[Material provided Boundary: Start]

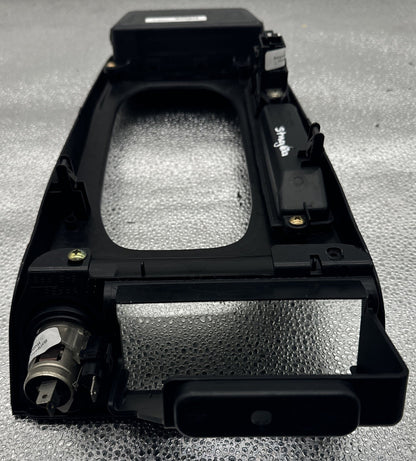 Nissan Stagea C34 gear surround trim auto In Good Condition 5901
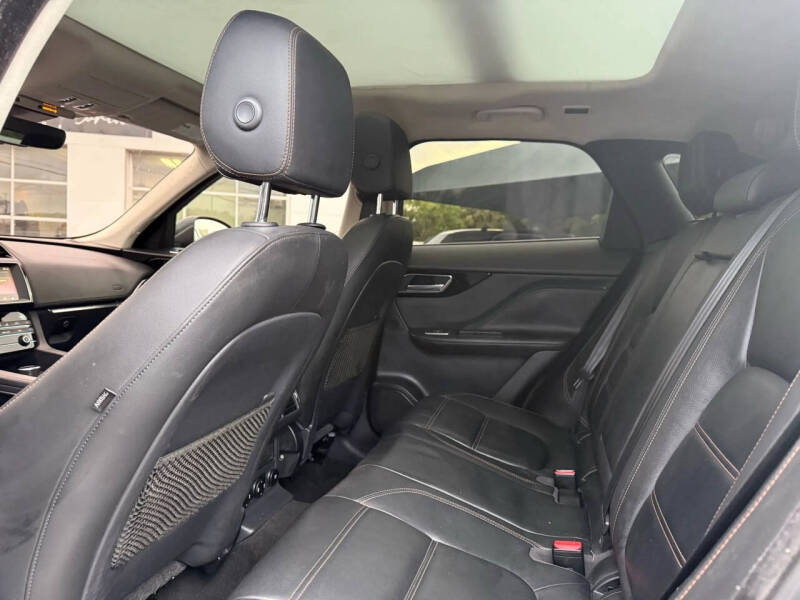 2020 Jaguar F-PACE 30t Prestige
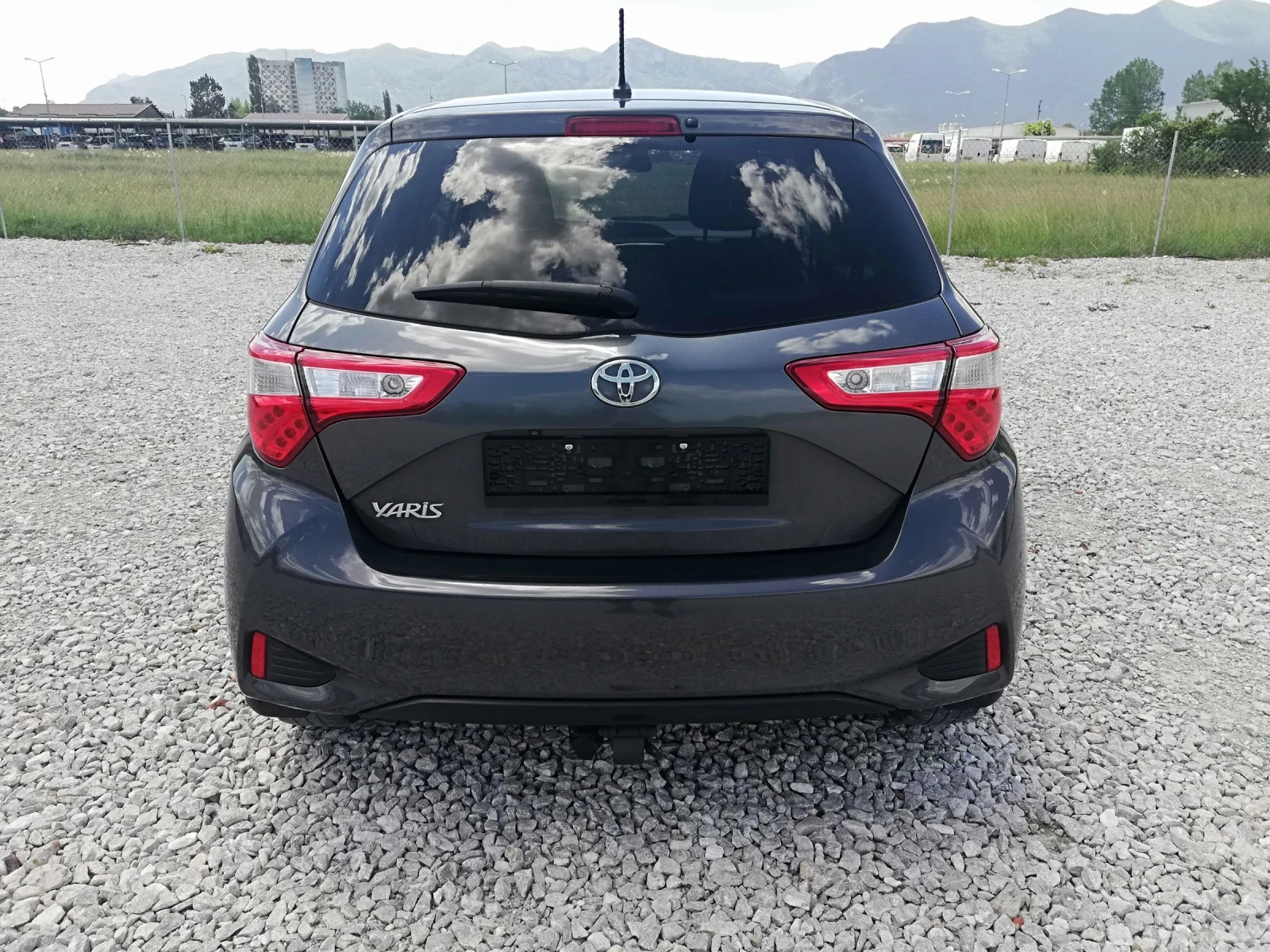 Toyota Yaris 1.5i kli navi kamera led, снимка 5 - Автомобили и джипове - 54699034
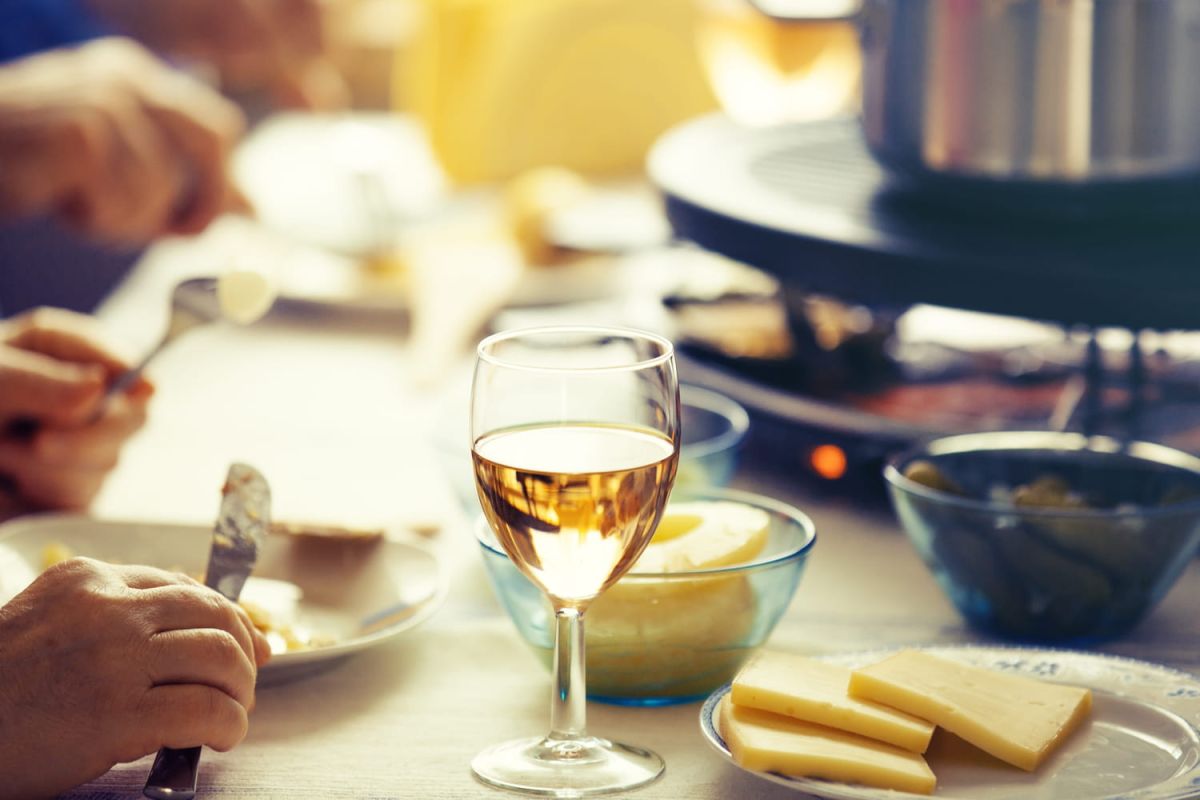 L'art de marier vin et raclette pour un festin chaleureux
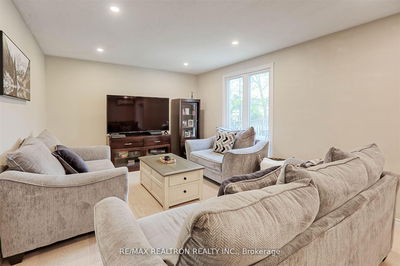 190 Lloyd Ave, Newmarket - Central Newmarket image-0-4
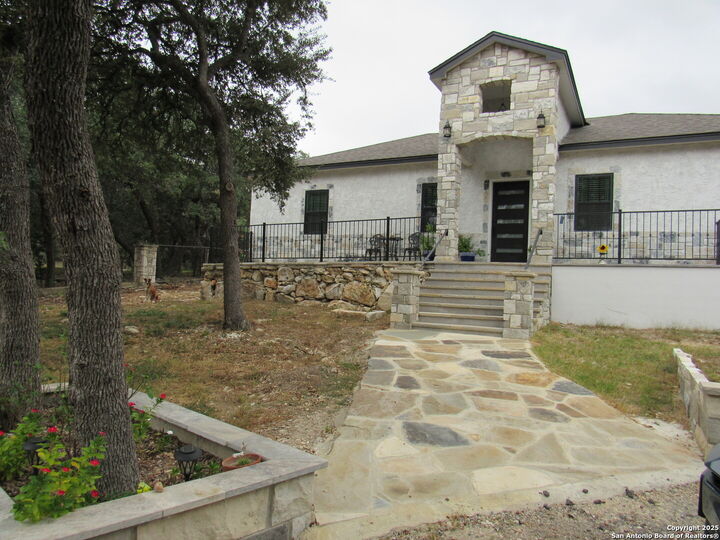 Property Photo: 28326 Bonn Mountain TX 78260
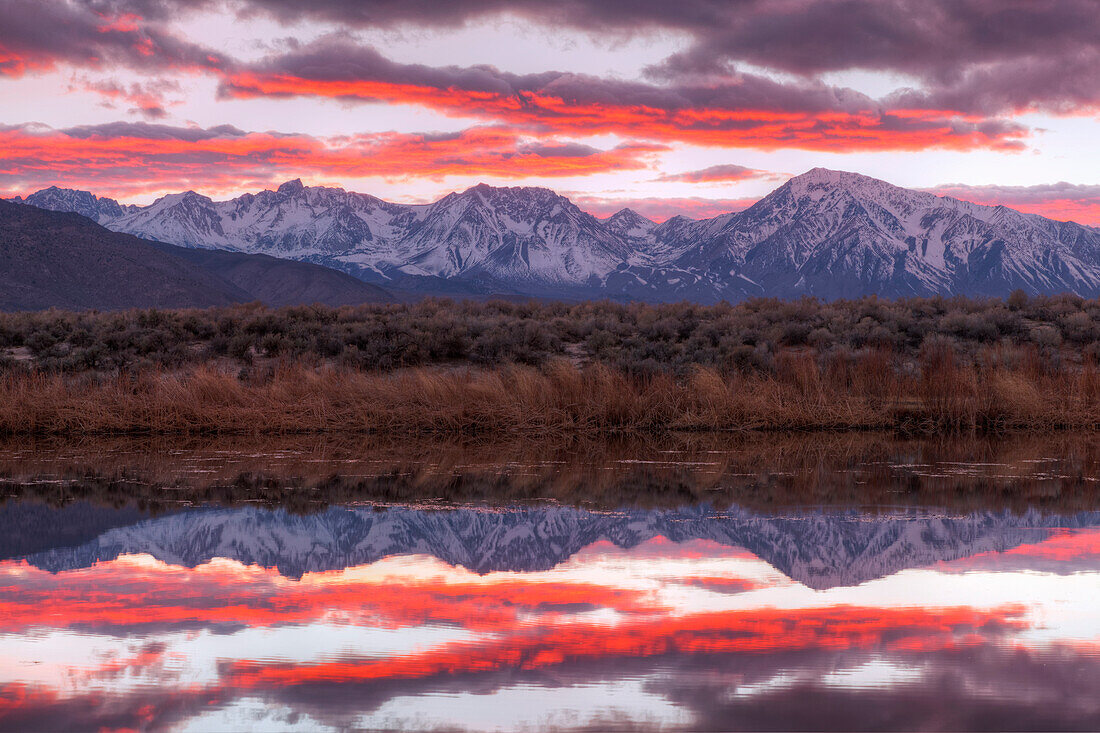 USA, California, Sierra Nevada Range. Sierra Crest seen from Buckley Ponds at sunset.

[Material provided Boundary: End]
[Material provided Boundary: Start]

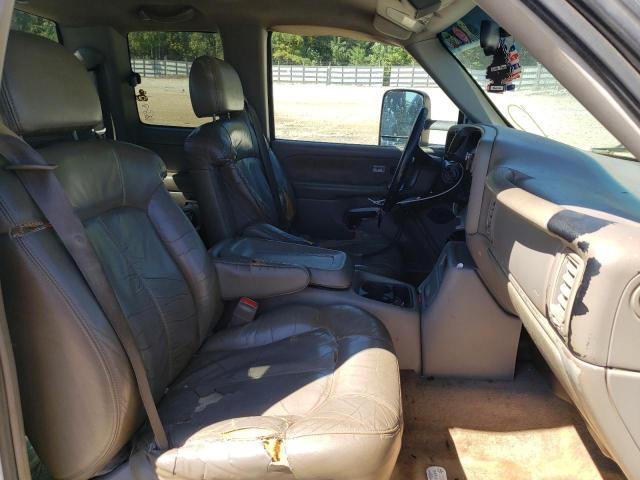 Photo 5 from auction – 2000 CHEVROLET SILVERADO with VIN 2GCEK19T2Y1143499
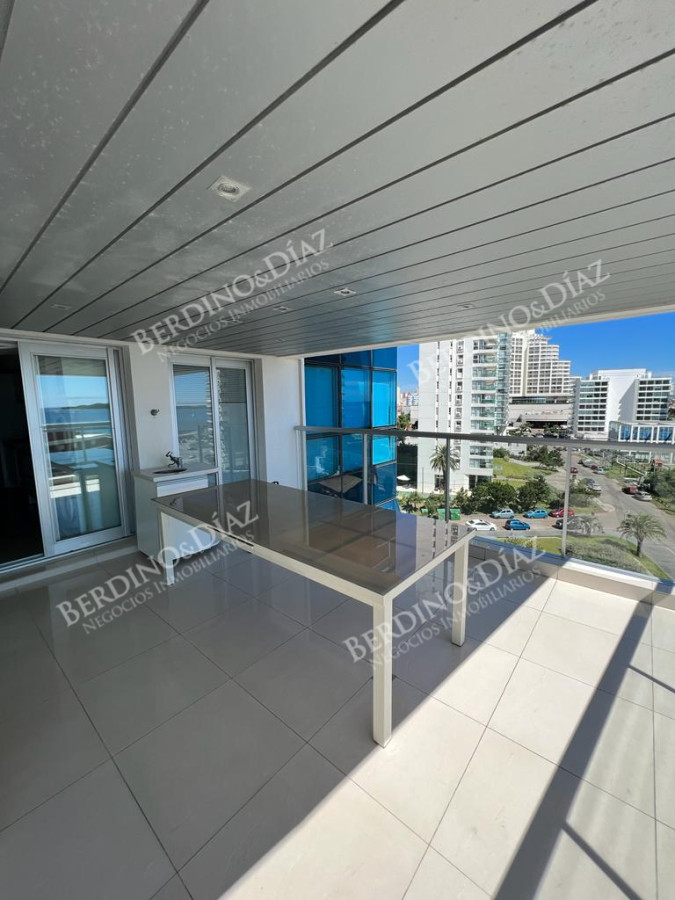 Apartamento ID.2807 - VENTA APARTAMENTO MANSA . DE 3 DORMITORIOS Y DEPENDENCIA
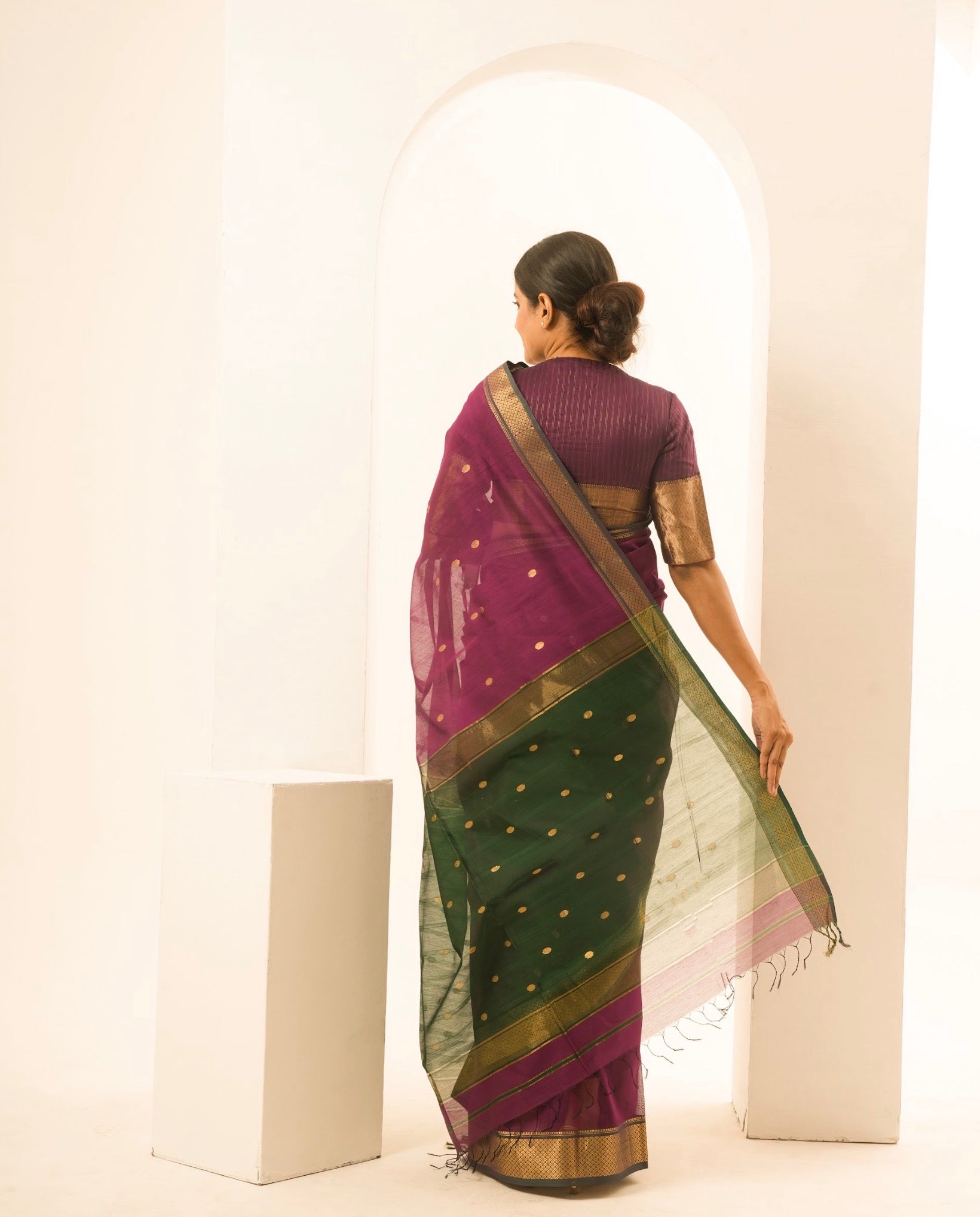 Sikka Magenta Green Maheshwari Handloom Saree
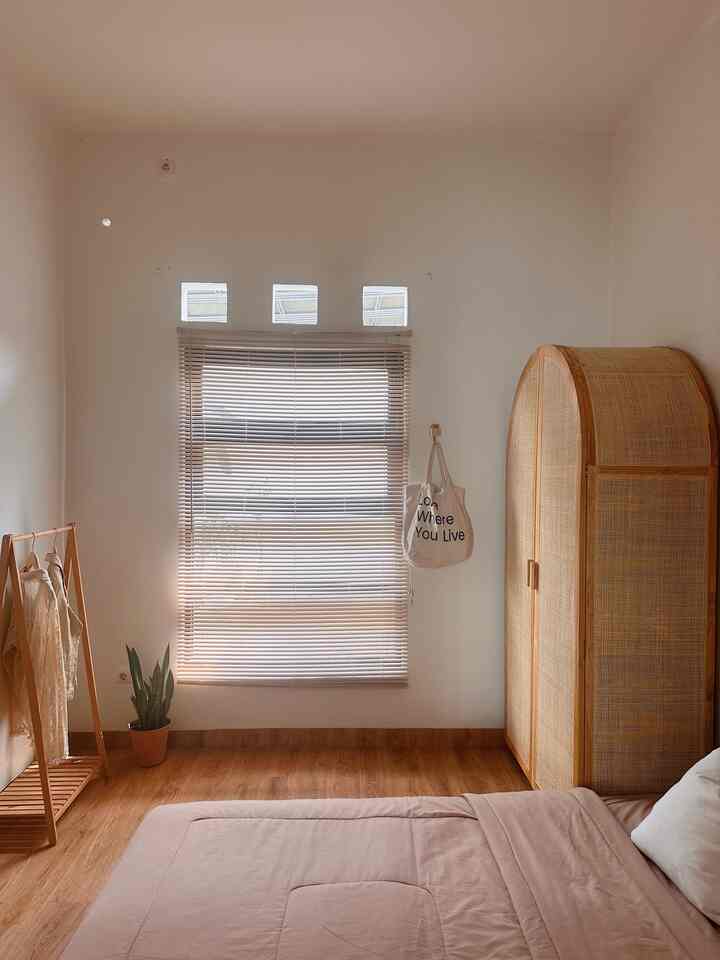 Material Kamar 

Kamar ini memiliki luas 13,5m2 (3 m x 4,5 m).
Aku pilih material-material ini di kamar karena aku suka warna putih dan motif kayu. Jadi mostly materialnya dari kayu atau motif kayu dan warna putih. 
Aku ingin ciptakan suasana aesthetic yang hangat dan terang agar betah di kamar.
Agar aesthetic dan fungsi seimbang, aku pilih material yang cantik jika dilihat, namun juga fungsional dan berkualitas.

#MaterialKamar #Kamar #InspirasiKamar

[Material provided Boundary: End]

Look above for the line containing "Aku ingin ciptakan" and the line containing "#MaterialKamar #Kamar #InspirasiKamar". Transcribe both, with the lines between them, exactly.

Written response
Aku ingin ciptakan suasana aesthetic yang hangat dan terang agar betah di kamar.
Agar aesthetic dan fungsi seimbang, aku pilih material yang cantik jika dilihat, namun juga fungsional dan berkualitas.

#MaterialKamar #Kamar #InspirasiKamar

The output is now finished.